[Items from a data source]
******

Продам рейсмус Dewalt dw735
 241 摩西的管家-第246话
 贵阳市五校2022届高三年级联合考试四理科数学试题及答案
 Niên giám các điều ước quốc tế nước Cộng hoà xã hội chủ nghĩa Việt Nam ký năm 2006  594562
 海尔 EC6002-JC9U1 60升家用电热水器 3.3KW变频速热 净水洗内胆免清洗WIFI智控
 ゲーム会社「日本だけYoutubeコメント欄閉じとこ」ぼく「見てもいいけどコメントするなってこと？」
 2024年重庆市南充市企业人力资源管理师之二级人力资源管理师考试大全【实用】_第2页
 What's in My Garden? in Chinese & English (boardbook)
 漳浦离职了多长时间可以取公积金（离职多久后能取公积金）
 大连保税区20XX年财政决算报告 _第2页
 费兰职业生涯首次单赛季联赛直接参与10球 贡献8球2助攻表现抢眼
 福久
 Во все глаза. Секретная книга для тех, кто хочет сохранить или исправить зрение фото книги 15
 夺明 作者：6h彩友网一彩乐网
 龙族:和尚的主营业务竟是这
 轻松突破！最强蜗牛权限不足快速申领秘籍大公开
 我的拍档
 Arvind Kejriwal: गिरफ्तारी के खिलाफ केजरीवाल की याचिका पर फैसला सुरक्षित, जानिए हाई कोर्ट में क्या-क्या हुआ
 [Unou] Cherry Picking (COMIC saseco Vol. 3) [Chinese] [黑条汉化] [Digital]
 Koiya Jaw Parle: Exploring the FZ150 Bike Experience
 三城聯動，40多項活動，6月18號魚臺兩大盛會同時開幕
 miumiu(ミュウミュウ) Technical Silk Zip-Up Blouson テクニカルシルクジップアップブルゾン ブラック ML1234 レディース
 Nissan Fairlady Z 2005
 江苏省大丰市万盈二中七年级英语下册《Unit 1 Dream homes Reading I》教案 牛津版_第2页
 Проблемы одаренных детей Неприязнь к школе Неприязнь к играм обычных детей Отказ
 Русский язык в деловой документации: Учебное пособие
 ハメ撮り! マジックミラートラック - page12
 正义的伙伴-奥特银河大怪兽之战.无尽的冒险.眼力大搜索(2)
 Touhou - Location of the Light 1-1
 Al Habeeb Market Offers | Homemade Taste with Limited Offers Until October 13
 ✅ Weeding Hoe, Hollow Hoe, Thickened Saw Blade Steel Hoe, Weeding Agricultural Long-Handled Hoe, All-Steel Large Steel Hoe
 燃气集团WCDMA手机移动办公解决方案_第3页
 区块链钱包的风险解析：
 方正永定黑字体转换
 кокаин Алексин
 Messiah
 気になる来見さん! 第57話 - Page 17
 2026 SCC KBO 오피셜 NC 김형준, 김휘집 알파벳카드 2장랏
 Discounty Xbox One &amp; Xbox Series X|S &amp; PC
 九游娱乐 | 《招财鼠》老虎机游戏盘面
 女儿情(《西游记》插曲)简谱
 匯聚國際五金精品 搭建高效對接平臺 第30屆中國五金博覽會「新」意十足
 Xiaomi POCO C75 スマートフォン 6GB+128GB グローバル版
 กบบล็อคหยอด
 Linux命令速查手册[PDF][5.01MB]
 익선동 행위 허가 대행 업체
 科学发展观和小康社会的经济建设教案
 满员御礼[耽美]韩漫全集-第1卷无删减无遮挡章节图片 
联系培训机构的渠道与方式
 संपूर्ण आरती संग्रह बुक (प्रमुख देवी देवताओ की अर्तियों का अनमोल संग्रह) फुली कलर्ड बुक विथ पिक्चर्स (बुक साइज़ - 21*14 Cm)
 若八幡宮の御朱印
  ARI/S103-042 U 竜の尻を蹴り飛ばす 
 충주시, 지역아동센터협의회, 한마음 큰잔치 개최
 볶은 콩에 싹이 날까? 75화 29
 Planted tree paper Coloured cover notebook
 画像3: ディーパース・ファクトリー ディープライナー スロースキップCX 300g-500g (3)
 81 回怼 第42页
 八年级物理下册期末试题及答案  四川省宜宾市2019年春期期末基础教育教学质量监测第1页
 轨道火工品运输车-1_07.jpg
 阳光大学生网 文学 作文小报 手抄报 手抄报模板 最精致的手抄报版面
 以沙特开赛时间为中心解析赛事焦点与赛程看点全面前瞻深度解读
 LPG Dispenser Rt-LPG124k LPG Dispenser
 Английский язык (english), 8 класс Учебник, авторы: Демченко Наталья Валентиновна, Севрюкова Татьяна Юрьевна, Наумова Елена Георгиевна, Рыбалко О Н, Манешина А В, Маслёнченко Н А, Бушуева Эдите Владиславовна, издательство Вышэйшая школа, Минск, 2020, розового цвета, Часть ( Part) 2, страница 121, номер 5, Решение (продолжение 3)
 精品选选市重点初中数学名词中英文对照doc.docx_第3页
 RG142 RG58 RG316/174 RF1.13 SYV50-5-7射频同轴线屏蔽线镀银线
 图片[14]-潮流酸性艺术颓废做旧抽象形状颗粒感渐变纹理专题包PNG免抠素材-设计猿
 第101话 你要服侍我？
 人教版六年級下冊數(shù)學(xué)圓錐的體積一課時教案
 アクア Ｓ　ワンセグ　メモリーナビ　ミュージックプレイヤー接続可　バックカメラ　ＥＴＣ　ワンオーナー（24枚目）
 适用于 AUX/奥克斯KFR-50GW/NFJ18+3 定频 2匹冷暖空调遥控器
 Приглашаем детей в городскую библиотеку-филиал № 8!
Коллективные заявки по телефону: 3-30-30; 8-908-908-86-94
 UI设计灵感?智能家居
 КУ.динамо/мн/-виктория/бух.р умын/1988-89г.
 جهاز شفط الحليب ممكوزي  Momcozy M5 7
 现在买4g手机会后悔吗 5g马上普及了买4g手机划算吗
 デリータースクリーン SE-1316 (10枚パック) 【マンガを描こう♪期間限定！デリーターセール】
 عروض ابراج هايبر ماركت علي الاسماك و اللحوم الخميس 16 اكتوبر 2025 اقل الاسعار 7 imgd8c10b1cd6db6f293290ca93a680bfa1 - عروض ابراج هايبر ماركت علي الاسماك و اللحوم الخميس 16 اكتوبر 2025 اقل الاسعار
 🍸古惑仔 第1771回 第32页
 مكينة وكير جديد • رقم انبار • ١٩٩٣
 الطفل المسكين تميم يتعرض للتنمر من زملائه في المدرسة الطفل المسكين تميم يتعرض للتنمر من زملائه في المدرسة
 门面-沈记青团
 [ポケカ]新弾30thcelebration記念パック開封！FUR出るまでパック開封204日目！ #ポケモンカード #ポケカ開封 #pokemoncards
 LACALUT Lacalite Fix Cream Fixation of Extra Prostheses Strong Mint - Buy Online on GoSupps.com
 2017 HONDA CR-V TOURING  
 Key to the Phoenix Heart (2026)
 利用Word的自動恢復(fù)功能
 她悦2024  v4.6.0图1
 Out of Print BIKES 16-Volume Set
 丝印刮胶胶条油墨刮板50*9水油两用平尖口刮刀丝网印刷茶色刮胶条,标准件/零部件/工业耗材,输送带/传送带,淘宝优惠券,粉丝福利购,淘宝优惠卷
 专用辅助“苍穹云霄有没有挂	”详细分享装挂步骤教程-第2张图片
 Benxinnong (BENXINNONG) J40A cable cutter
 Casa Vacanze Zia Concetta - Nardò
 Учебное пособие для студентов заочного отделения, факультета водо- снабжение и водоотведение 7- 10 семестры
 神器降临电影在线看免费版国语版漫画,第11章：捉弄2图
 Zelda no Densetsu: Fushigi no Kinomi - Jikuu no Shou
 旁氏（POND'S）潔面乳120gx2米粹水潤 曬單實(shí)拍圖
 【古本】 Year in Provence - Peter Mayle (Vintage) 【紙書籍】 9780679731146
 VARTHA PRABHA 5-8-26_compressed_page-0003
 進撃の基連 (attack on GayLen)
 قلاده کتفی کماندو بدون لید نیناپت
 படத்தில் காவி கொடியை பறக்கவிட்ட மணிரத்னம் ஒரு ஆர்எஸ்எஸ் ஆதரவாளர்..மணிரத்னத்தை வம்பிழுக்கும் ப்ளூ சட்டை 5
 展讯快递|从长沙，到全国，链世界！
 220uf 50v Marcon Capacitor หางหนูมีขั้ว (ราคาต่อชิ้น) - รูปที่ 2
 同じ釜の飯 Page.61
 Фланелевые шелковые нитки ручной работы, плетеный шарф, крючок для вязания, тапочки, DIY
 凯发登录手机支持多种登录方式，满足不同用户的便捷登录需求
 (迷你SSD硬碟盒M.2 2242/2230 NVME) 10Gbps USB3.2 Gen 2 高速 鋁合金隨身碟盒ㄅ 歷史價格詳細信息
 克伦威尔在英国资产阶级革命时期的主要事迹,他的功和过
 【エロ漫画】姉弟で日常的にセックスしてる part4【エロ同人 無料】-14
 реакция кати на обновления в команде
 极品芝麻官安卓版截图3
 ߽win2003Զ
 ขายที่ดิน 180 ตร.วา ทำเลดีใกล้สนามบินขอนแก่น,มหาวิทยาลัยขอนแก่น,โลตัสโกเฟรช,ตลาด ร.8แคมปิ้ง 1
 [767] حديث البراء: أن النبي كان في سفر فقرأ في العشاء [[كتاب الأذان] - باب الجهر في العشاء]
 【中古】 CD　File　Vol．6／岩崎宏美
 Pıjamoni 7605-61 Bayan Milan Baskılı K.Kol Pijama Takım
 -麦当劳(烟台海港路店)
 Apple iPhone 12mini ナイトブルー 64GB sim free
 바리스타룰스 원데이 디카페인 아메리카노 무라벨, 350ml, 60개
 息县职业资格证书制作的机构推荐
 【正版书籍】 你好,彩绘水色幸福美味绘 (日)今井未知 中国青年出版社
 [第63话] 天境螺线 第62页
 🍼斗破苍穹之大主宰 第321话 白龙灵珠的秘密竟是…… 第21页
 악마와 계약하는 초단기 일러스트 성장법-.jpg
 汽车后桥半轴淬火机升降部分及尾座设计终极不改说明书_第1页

******

» **Task brief**
Repeat the entries verbatim through the line with "ゲーム会社「日本だけYout".

» **Written solution**
Продам рейсмус Dewalt dw735
 241 摩西的管家-第246话
 贵阳市五校2022届高三年级联合考试四理科数学试题及答案
 Niên giám các điều ước quốc tế nước Cộng hoà xã hội chủ nghĩa Việt Nam ký năm 2006  594562
 海尔 EC6002-JC9U1 60升家用电热水器 3.3KW变频速热 净水洗内胆免清洗WIFI智控
 ゲーム会社「日本だけYoutubeコメント欄閉じとこ」ぼく「見てもいいけどコメントするなってこと？」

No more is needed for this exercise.